By Jojo Rinoza and Marielle Lucenio
President Rodrigo Duterte warned Washington on Friday that it would “have to pay” to preserve a 22-year-old bilateral military pact, as Manila negotiates with the new U.S. administration on extending the Visiting Forces Agreement, which he has threatened to scrap.
The Philippine leader made the remarks while inspecting Air Force assets north of Manila, a day after officials from the governments of the two longtime defense allies began talks on the issue of renewing the 1999 VFA.
“I would like to put on notice if there’s an American agent here that from now on, you want the Visiting Forces Agreement done? Well, they have to pay,” Duterte said. “It’s a shared responsibility, but your share of responsibility does not come free. Because after all, when the war breaks out, we all pay.”
Duterte did not go into detail on how the United States would have to pay – or what it would have to pay for – to keep the pact alive.

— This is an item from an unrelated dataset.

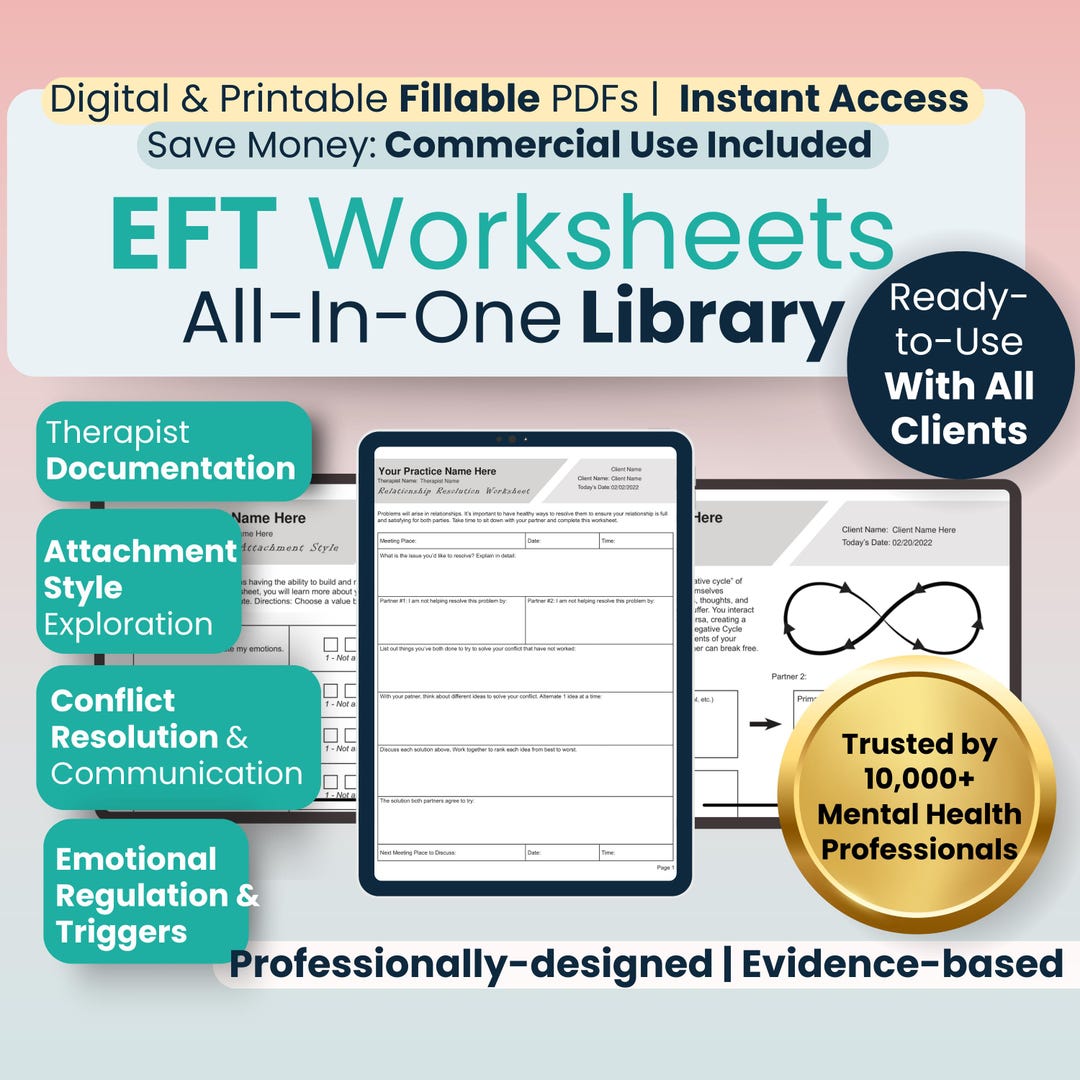 Emotionally Focused Therapy Worksheets Bundle, EFT Worksheets, 20 ...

The VFA allows for large-scale joint military exercises in the Philippines between the two allies. The pact came about after the United States vacated two of its largest overseas military installations – the Subic Bay Naval Base and Clark Air Base, both located northwest of Manila – after the Cold War ended in the 1990s. It also governs the U.S. military presence in the Southeast Asian country and places American forces there under United States jurisdiction.
However, the text of the agreement makes no mention of payments.
A year ago this month, soon after Duterte first threatened to annul the VFA, then-U.S. President Donald Trump indicated he wouldn’t mind if Manila did that because, he said, it would save the United States “a lot of money.”
In a statement on Friday, the U.S. State Department did not respond to Duterte’s call for Washington to pay for the VFW when BenarNews sought reactions to his comments.
“We value our alliance with the Philippines, which is the oldest in the Asia-Pacific region, and we will continue to look for ways to further strengthen and advance security cooperation that furthers shared security challenges and respects human rights,” a State Department spokesman said in a statement. “Open dialogue between allies is essential to maintaining the strength of an alliance which is vital to both of our countries’ security.”
Also on Friday, Duterte emphasized that if hostilities were to break out between Washington and Beijing, the Philippines would be the nearest landmass to a Chinese garrison. Although the Philippine president did not identify it, China recently upgraded its defense arsenal on an island in the disputed South China Sea.
He said that the southwestern island of Palawan was the “nearest possible and convenient outpost” for the U.S. if it were to establish a base in the country.
Duterte said he was “walking on a tightrope” between geopolitical interests of the U.S. and China. Washington, under the Trump administration, had blacklisted Chinese firms found to have participated in construction activities in the South China Sea.
“I cannot afford to be brave in the mouth against China because, well, we are avoiding any confrontation – a confrontation that would lead to something which we can hardly afford, at least not at this time,” Duterte said.
A friend to rival superpowers
In his remarks, Duterte noted that he had been letting the American forces carry out missions here for strategic reasons.
“I am a friend of America, I am a friend of China. But what I don’t like is that they promise you [something but] once they take off, they forget all about it and nobody’s following [up] until you remind them,” Duterte said.
The president spoke out about the VFA one day after Foreign Secretary Teodoro Locsin Jr. confirmed holding a bilateral meeting with U.S. officials on defense, according to the state-run Philippine News Agency (NPA). Locsin did not provide details about the meeting as it “involves our national security and defense.”
On Wednesday, Philippine Defense Secretary Delfin Lorenzana and Lloyd Austin his new American counterpart in the Biden administration, discussed the VFA as well as the decades-old Mutual Defense Treaty during an introductory phone call.
Duterte last year ordered the VFA cancelled after Washington revoked the visa of a senator who, while serving as his national police chief, had launched the Philippine government’s deadly war on drugs.
In June, the president suspended his cancellation order amid perceptions of increasing Chinese threats in the South China Sea, but by November he called for taking another six months to determine the status of the VFA.